Instructions for the task >>
Each entry below is to be restated word for word, with no pictures carried over.

*** Opening of Dataset extract ***

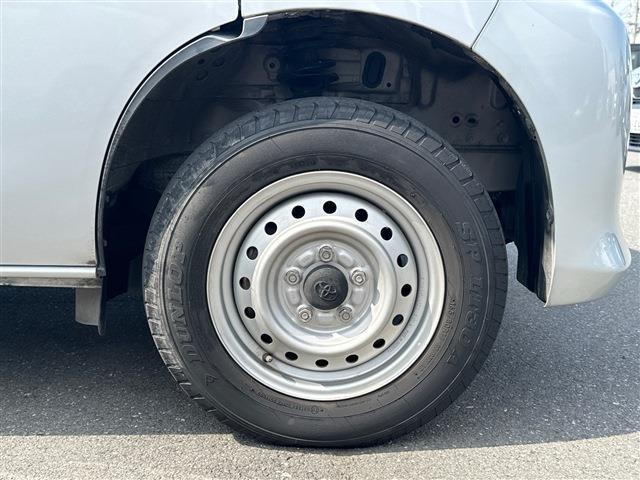 Toyota Town Ace Van 8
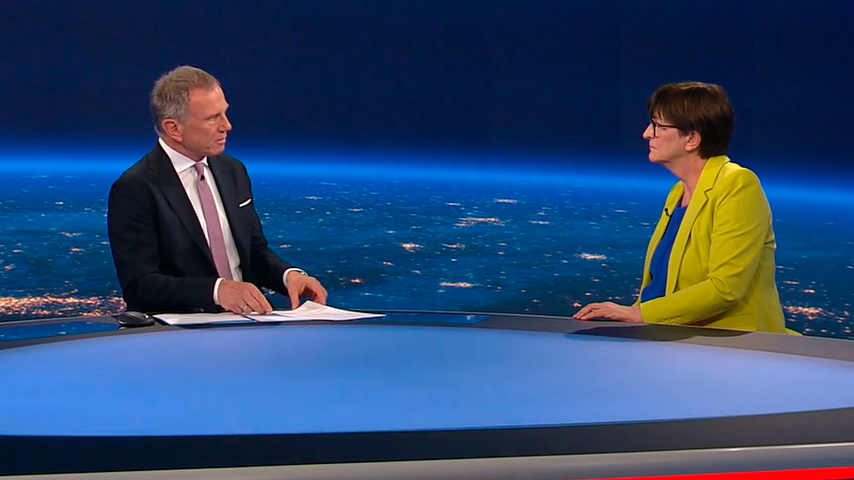 SPD-Vorsitzende Saskia Esken überraschte in der ZIB2 mit Armin Wolf mit einer knallharten Ansage: "Die AfD ist eine Nazi-Partei". (1. Mai 2024)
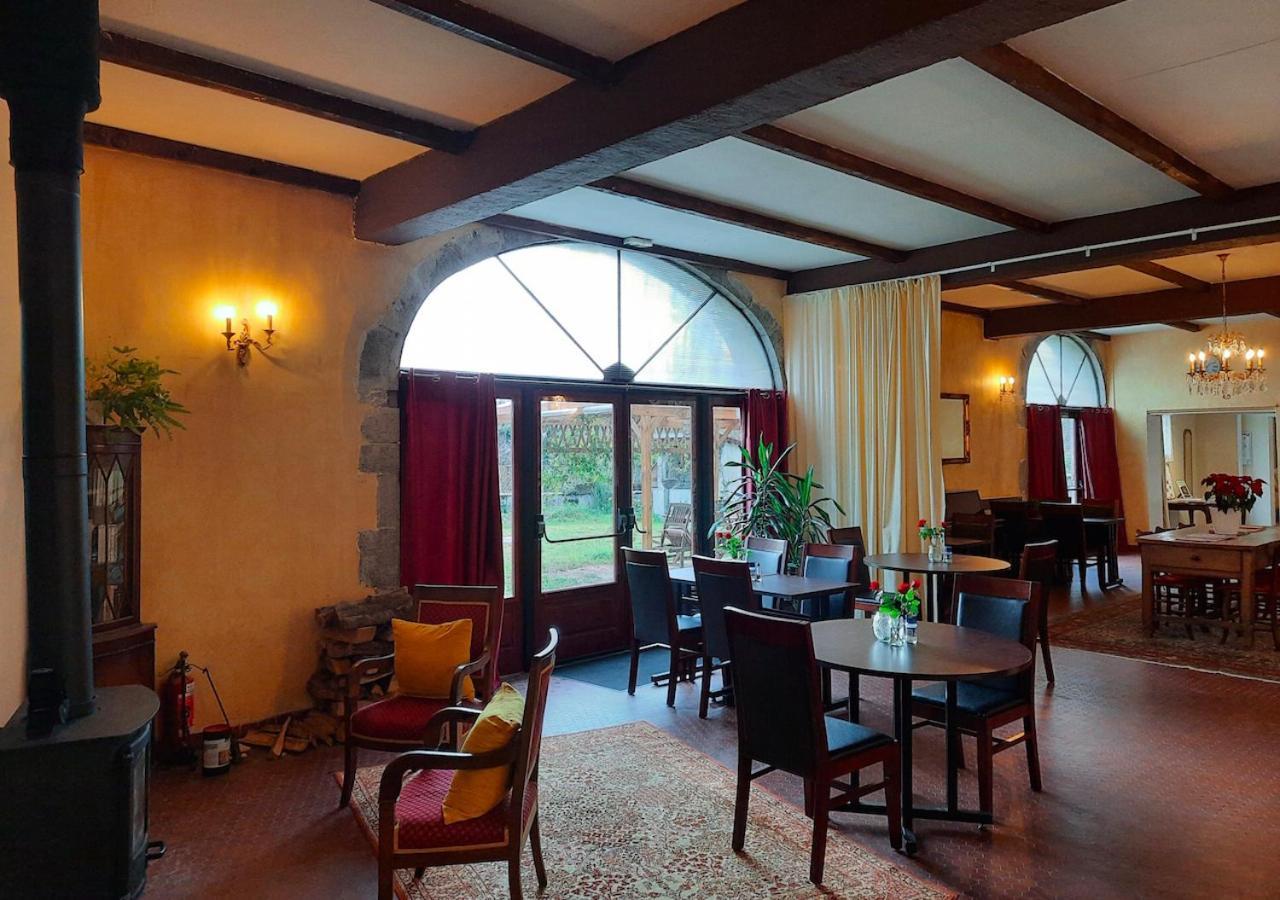 Domaine Lou Castet Bed & Breakfast Tuzaguet Exterior foto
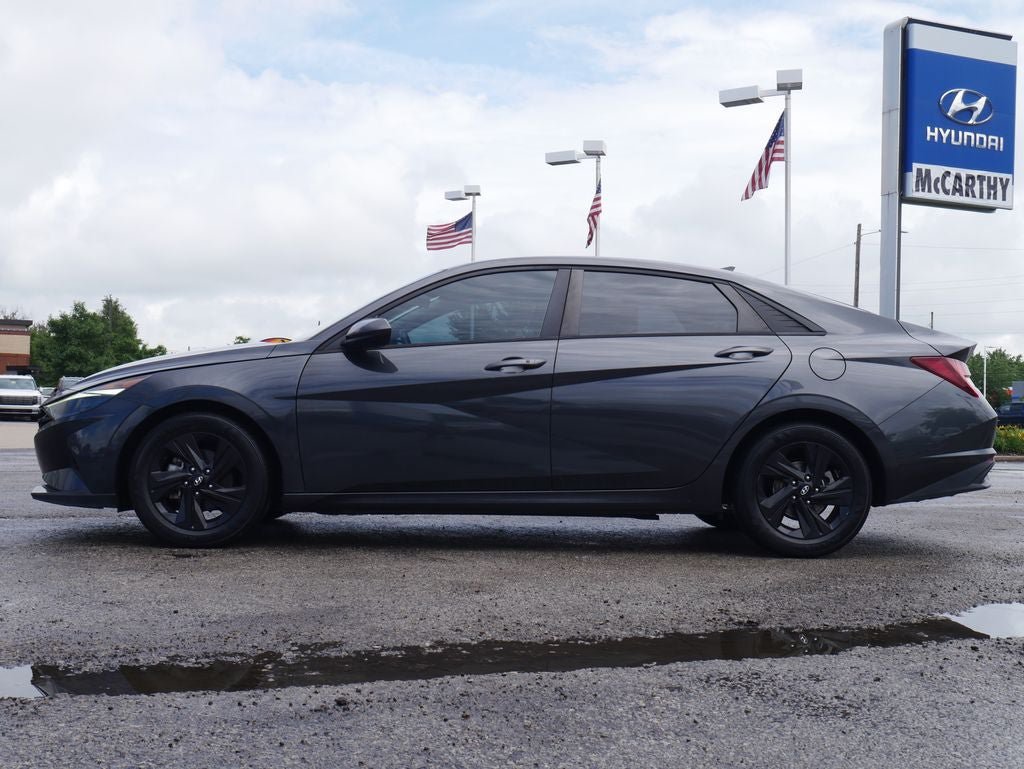 Used 2021 Hyundai Elantra SEL w/ Convenience Package FWD image 13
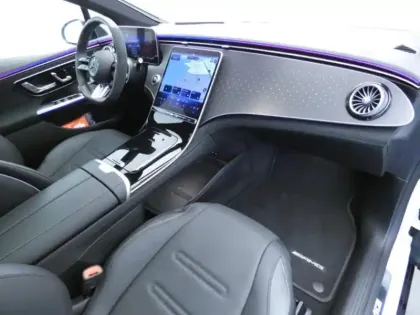 Photo 32 Mercedes Classe E Berline 53 AMG 625ch 4Matic+ Classe / 295 Mercedes-AM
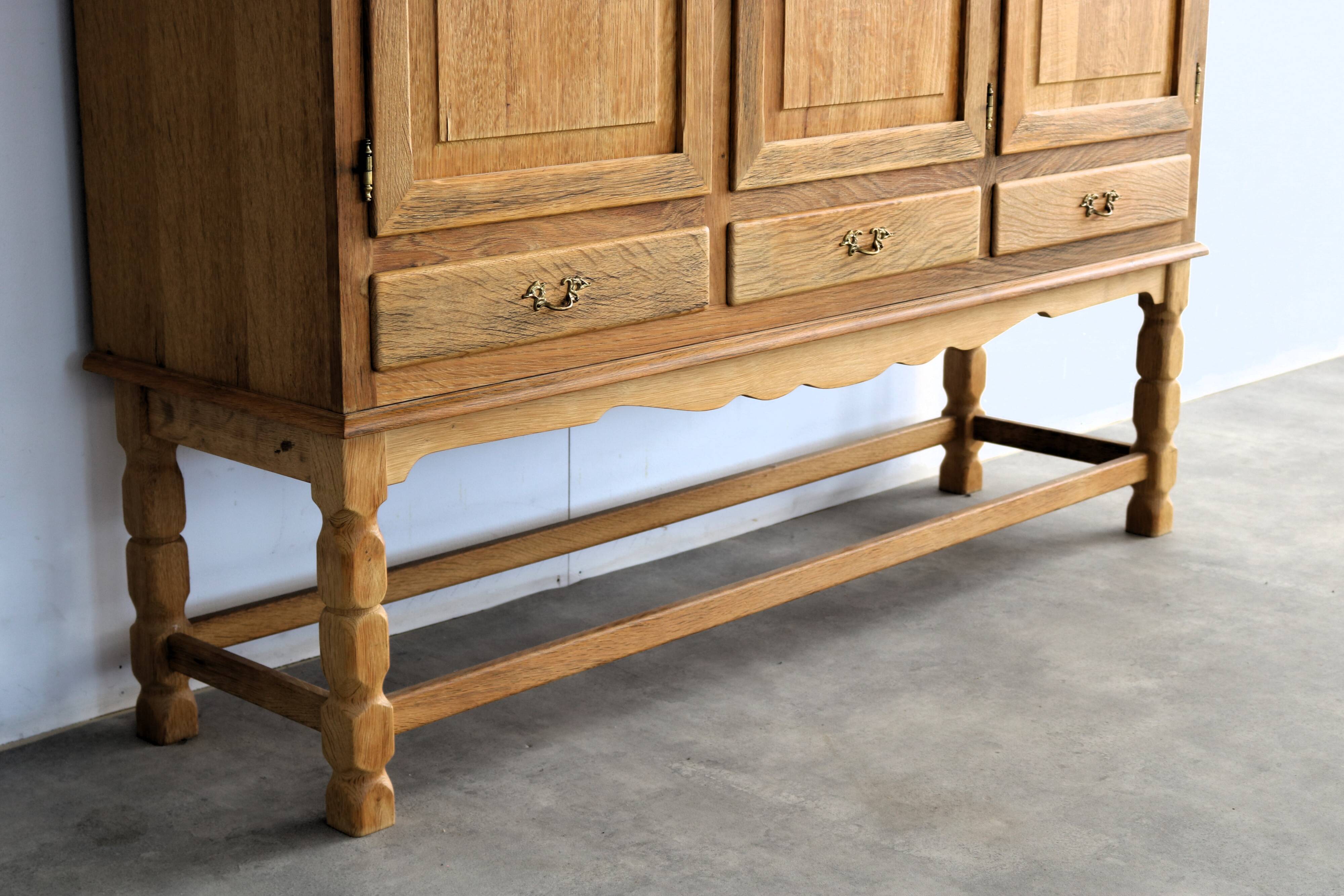 vintage wall cupboard | cupboard | Danish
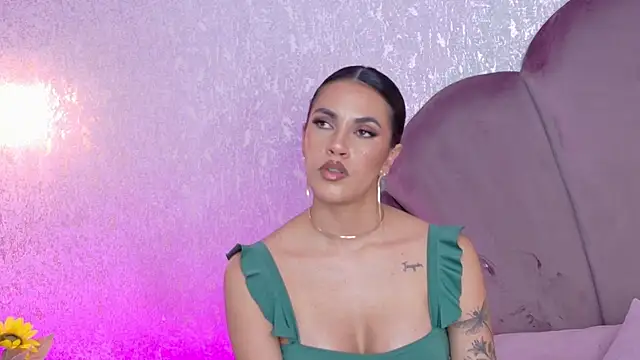 Camille_Torres webcam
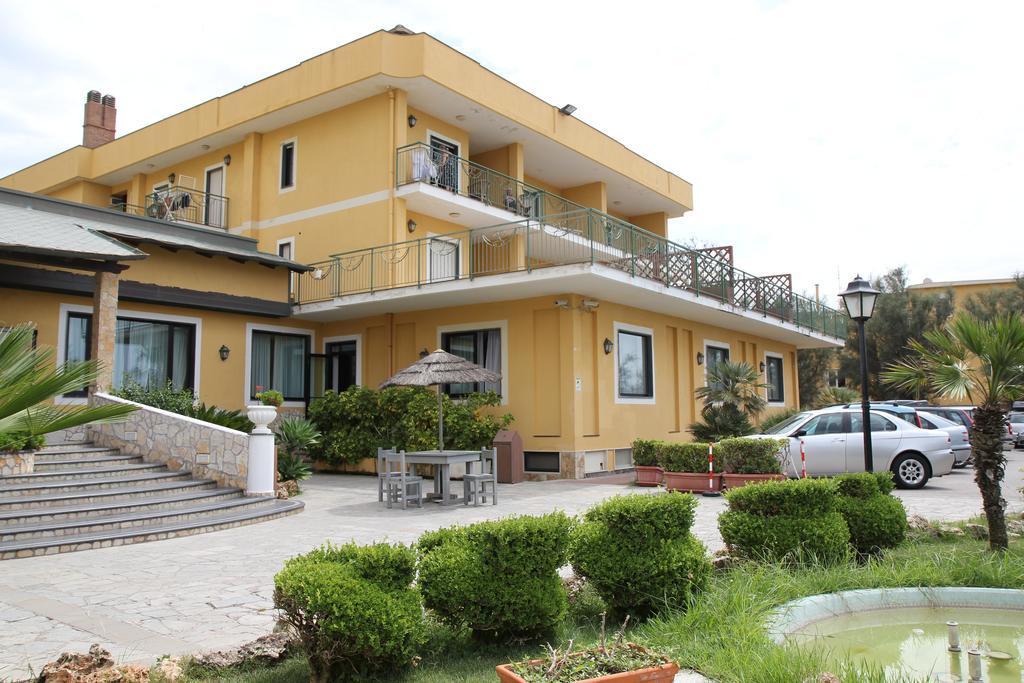 Hotel Club Sabbiadoro ياتّيباليا المظهر الخارجي الصورة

*** Close of Dataset extract ***

Output of the task >>
 Toyota Town Ace Van 8
 SPD-Vorsitzende Saskia Esken überraschte in der ZIB2 mit Armin Wolf mit einer knallharten Ansage: "Die AfD ist eine Nazi-Partei". (1. Mai 2024)
 Domaine Lou Castet Bed & Breakfast Tuzaguet Exterior foto
 Used 2021 Hyundai Elantra SEL w/ Convenience Package FWD image 13
 Photo 32 Mercedes Classe E Berline 53 AMG 625ch 4Matic+ Classe / 295 Mercedes-AM
 vintage wall cupboard | cupboard | Danish
 Camille_Torres webcam
 Hotel Club Sabbiadoro ياتّيباليا المظهر الخارجي الصورة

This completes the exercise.